Like most little children, I was loving, vulnerable, trusting, forgiving and full of questions. While watching the tape, I became lost in thought, wondering where that little girl had gone. The pains and trials over the years seemed to have hindered my ability to love, forgive and joy freely. The sadness and nostalgia for this inner child seemed to grow as I watched the video reel.
In that moment the Father spoke to my heart:
“My dear child, you look upon your face of you as a little girl and your heart feels sadness. Sadness because you see such innocence and a joy that can only come from a heart that trusts in the love that surrounds her. You see a laughter, an unbridled joy, and a heart that forgives the slightest hurt. My dear one, you feel as though this innocence has been lost because of life’s hurt and pains and you ask where has she gone. You do not see her because your trials and memories have blurred your vision. But my dear one, she is not lost. I see her when I look at you and I delight in the love that flows from your heart. You desire to be that little girl again and so I am restoring the love of a child to you now. You will experience the kind of love that jumps at the slightest joy. Do you perceive it? The years of laying in the dust have been washed away by my precious blood that was shed on the cross for you. It is because of My cross that you can be a child again. A child that runs and leaps into her Father’s arms. But my dear one, your love will also be deeper now than that of a little girl. A love that survives through the toughest storm and while you journey, I will teach you about my love that fiercely delights and joys in you so that you may share it with those around you. I love you.”

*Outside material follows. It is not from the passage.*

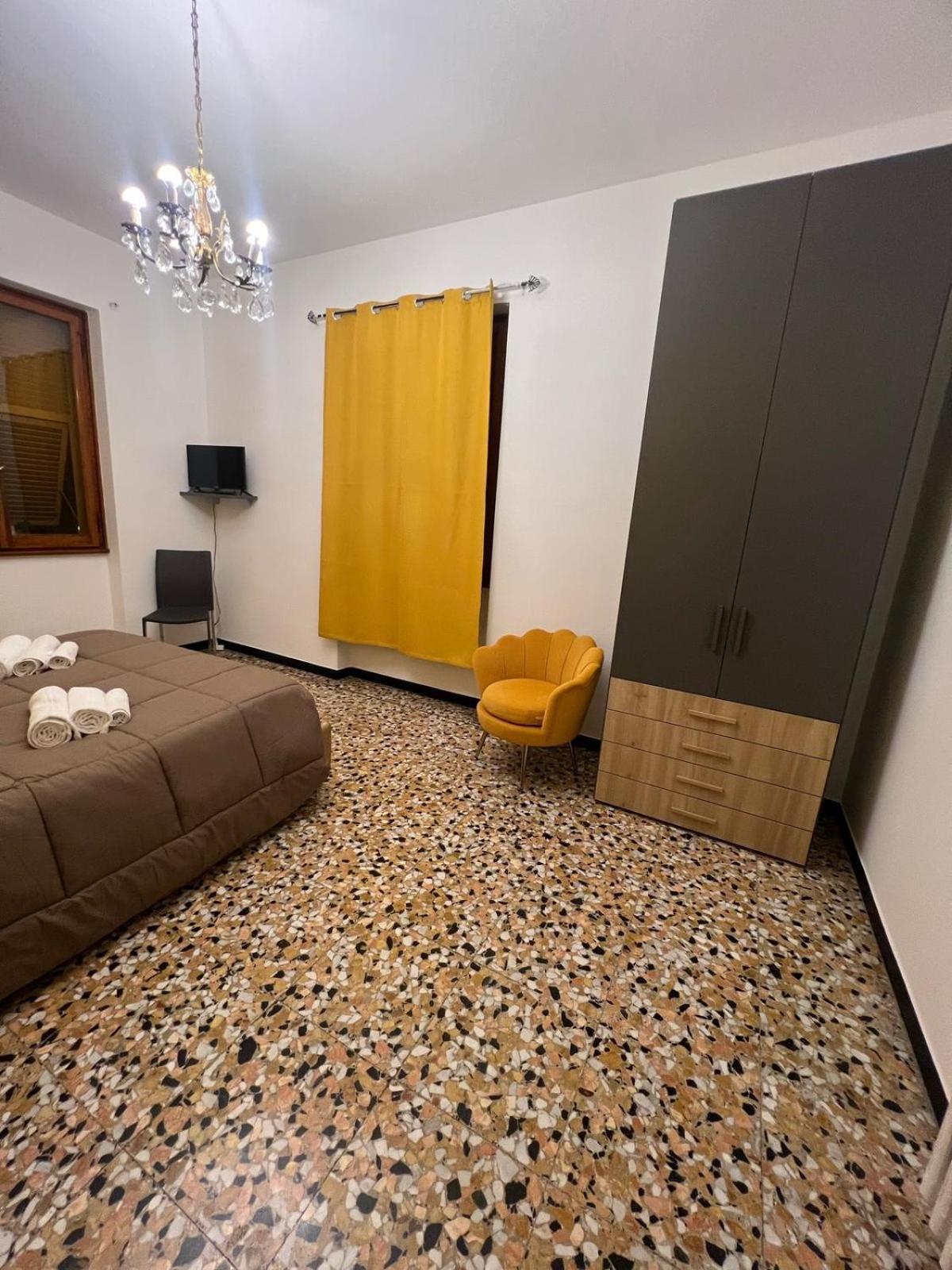 Casa Carmen Rapallo Citra 010046-Lt-2165 Dış mekan fotoğraf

Sister, the Father is saying this to each one of us. Teaching us about his love. A love that brings deep security, peace, and the joy that comes from truly belonging to someone. To become like children again we must open our hearts to vulnerability, trust and openness, like a child in the care of her daddy. When we walk in the daughter/father relationship that he offers us, we will be able to fully embrace a childlike relationship with him—a relationship that is not immature—but one in which we can be a child secure in the arms of her loving Father.
Father—because that’s what you are, you’re my heavenly father—thank you for loving me, caring for me, wanting to be with me. Thank you for pursuing me the way a parent pursues a relationship with a child. Help me to remember this every day. To remember that I have you, that it’s not just me out here doing life on my own. And thank you that you’re not distant from me, but that you are right here with me all the time.